ACTIVITY - Transcribe the whole listing exactly, but do not carry over its pictures.

GIVEN MATERIAL -

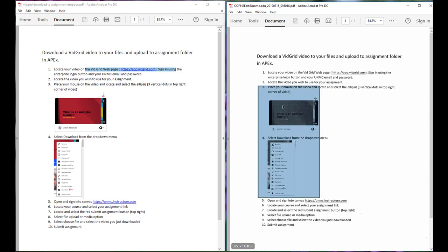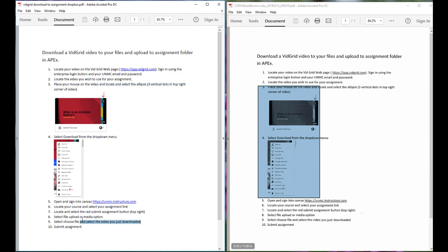If you see this happening, your PDF is not accessible. Whereas if you can highlight individual pieces, then your PDF is accessible.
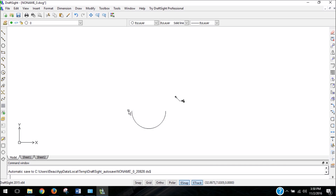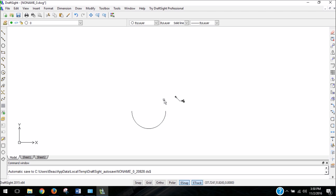You'll also notice that it created a U-shape automatically — it did not give us an option to go in an upside-down U-shape. That's because DraftSite creates arcs and circles in a counter-clockwise direction. So if I wanted this shape to be the other way around and to look like an upside-down U, I would have had to start with the right point and specify the left point as the end point, because that would require that we go counter-clockwise to get there.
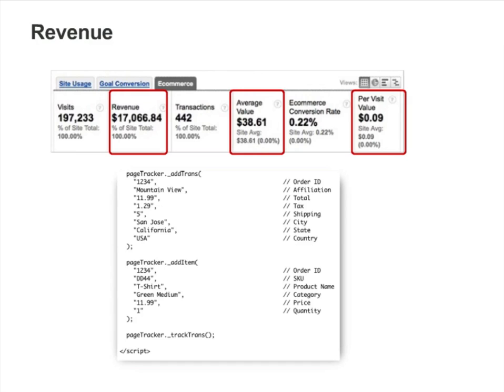So what is the difference between Per Visit Value and Per Visit Goal Value on the Goal Conversion tab? Per Visit Value is calculated using eCommerce revenue, while Per Visit Goal Value is calculated using static goal values.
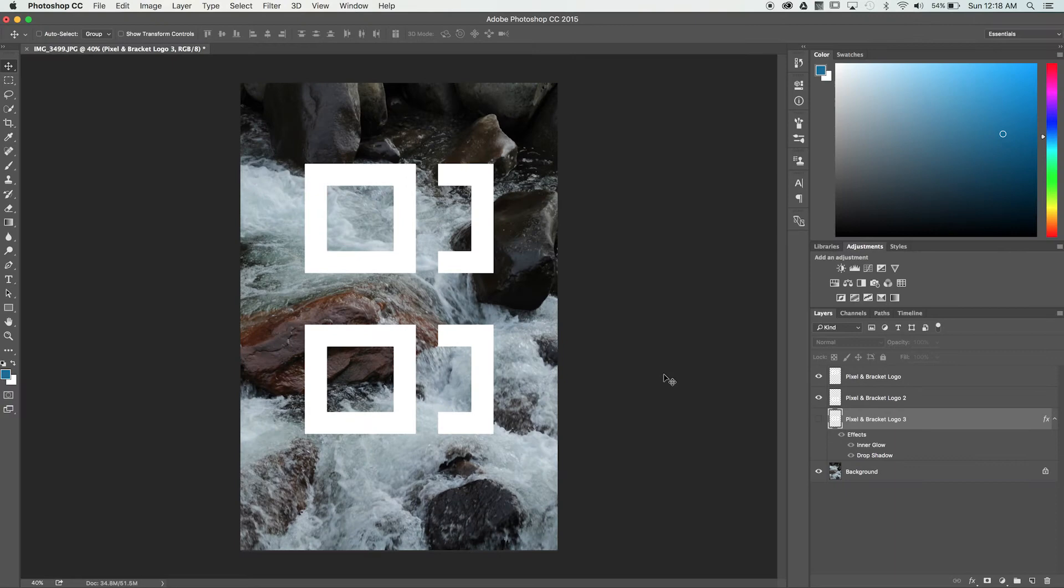Welcome to another Pixel and Bracket Photoshop Quick Tip. Today we're looking at the difference between layer fill and layer opacity.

RESPONSE TO THE EXERCISE -
If you see this happening, your PDF is not accessible. Whereas if you can highlight individual pieces, then your PDF is accessible.
You'll also notice that it created a U-shape automatically — it did not give us an option to go in an upside-down U-shape. That's because DraftSite creates arcs and circles in a counter-clockwise direction. So if I wanted this shape to be the other way around and to look like an upside-down U, I would have had to start with the right point and specify the left point as the end point, because that would require that we go counter-clockwise to get there.
So what is the difference between Per Visit Value and Per Visit Goal Value on the Goal Conversion tab? Per Visit Value is calculated using eCommerce revenue, while Per Visit Goal Value is calculated using static goal values.
Welcome to another Pixel and Bracket Photoshop Quick Tip. Today we're looking at the difference between layer fill and layer opacity.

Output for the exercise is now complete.